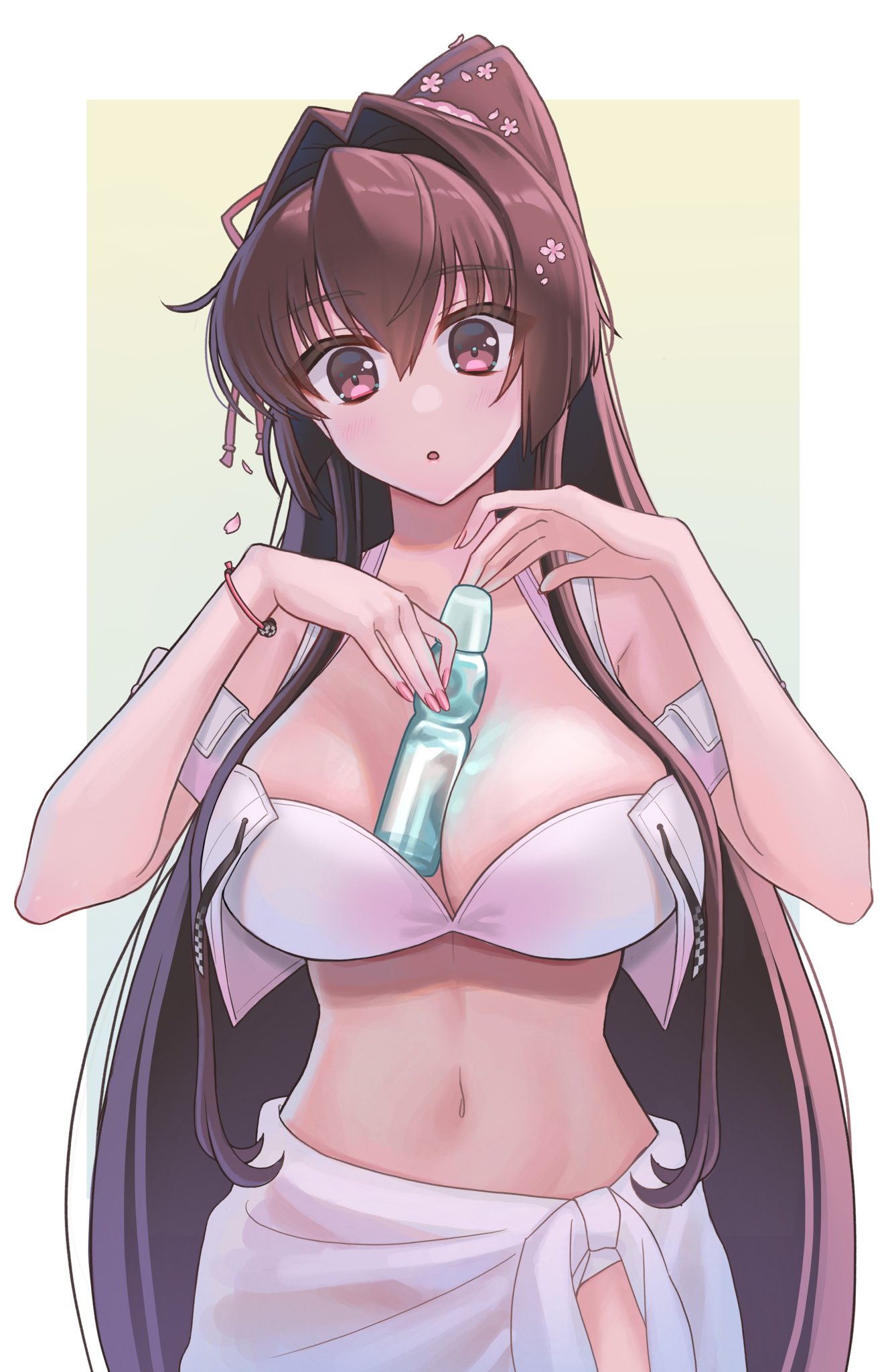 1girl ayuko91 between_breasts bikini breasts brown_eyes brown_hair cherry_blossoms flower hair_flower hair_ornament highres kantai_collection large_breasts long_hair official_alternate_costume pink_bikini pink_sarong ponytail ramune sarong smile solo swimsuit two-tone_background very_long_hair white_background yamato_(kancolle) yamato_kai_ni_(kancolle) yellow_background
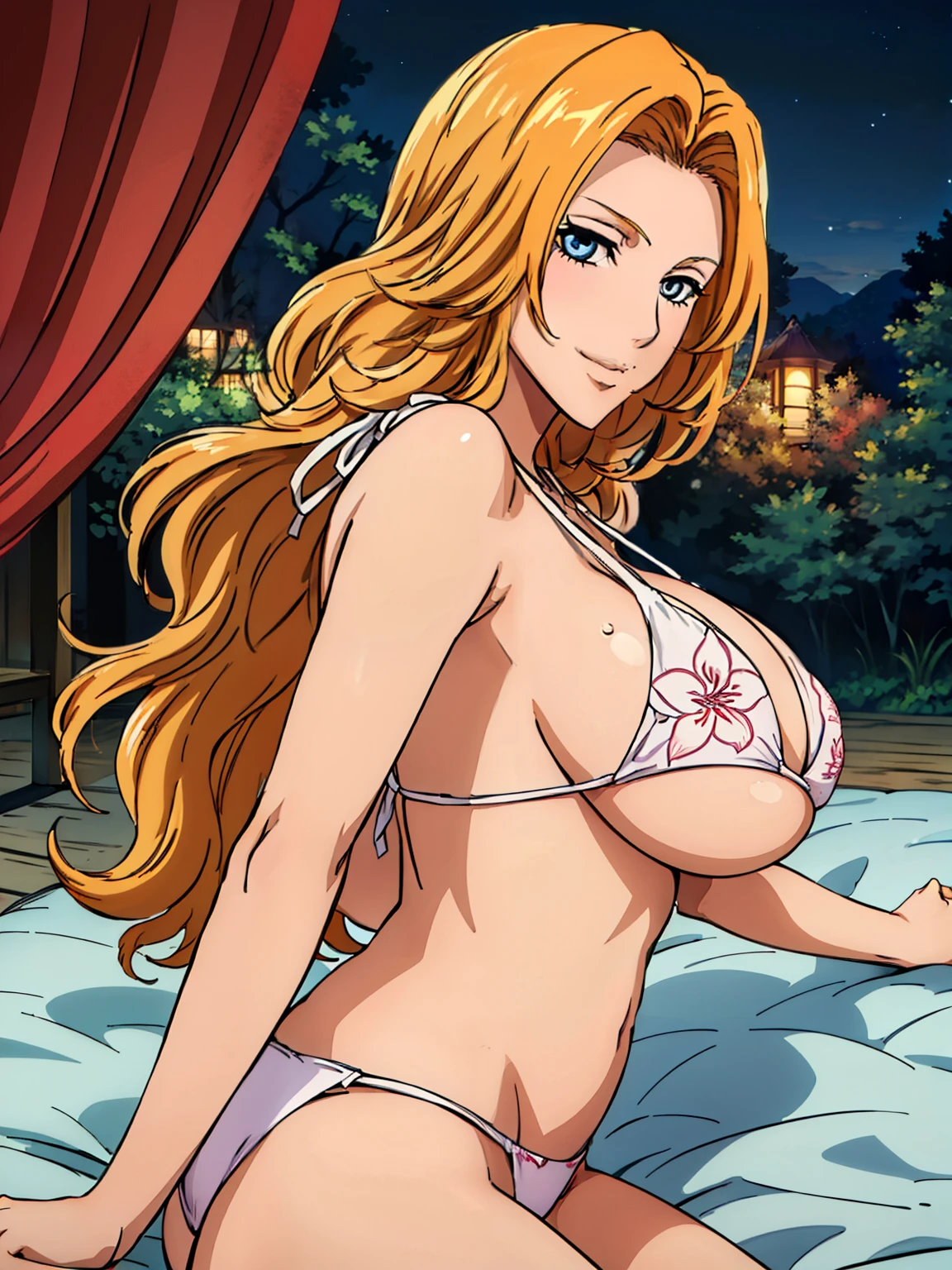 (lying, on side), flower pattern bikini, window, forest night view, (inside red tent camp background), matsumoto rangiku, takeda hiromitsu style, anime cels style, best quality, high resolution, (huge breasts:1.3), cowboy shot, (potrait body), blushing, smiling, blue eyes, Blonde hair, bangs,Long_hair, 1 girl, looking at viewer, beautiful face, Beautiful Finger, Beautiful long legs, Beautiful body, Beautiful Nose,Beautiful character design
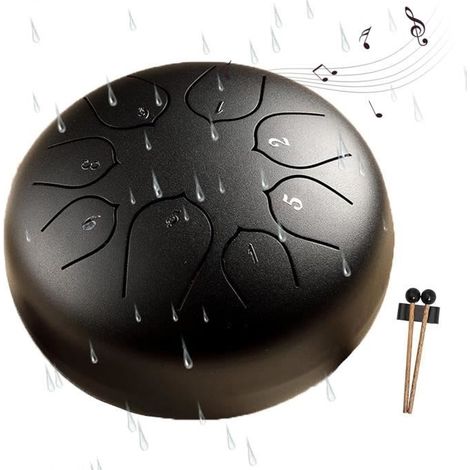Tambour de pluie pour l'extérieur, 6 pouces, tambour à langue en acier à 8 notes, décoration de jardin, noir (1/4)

**Brief:** Pictures are to be left out; all other data must be returned exactly.

**Output of the exercise:**
 1girl ayuko91 between_breasts bikini breasts brown_eyes brown_hair cherry_blossoms flower hair_flower hair_ornament highres kantai_collection large_breasts long_hair official_alternate_costume pink_bikini pink_sarong ponytail ramune sarong smile solo swimsuit two-tone_background very_long_hair white_background yamato_(kancolle) yamato_kai_ni_(kancolle) yellow_background
 (lying, on side), flower pattern bikini, window, forest night view, (inside red tent camp background), matsumoto rangiku, takeda hiromitsu style, anime cels style, best quality, high resolution, (huge breasts:1.3), cowboy shot, (potrait body), blushing, smiling, blue eyes, Blonde hair, bangs,Long_hair, 1 girl, looking at viewer, beautiful face, Beautiful Finger, Beautiful long legs, Beautiful body, Beautiful Nose,Beautiful character design
Tambour de pluie pour l'extérieur, 6 pouces, tambour à langue en acier à 8 notes, décoration de jardin, noir (1/4)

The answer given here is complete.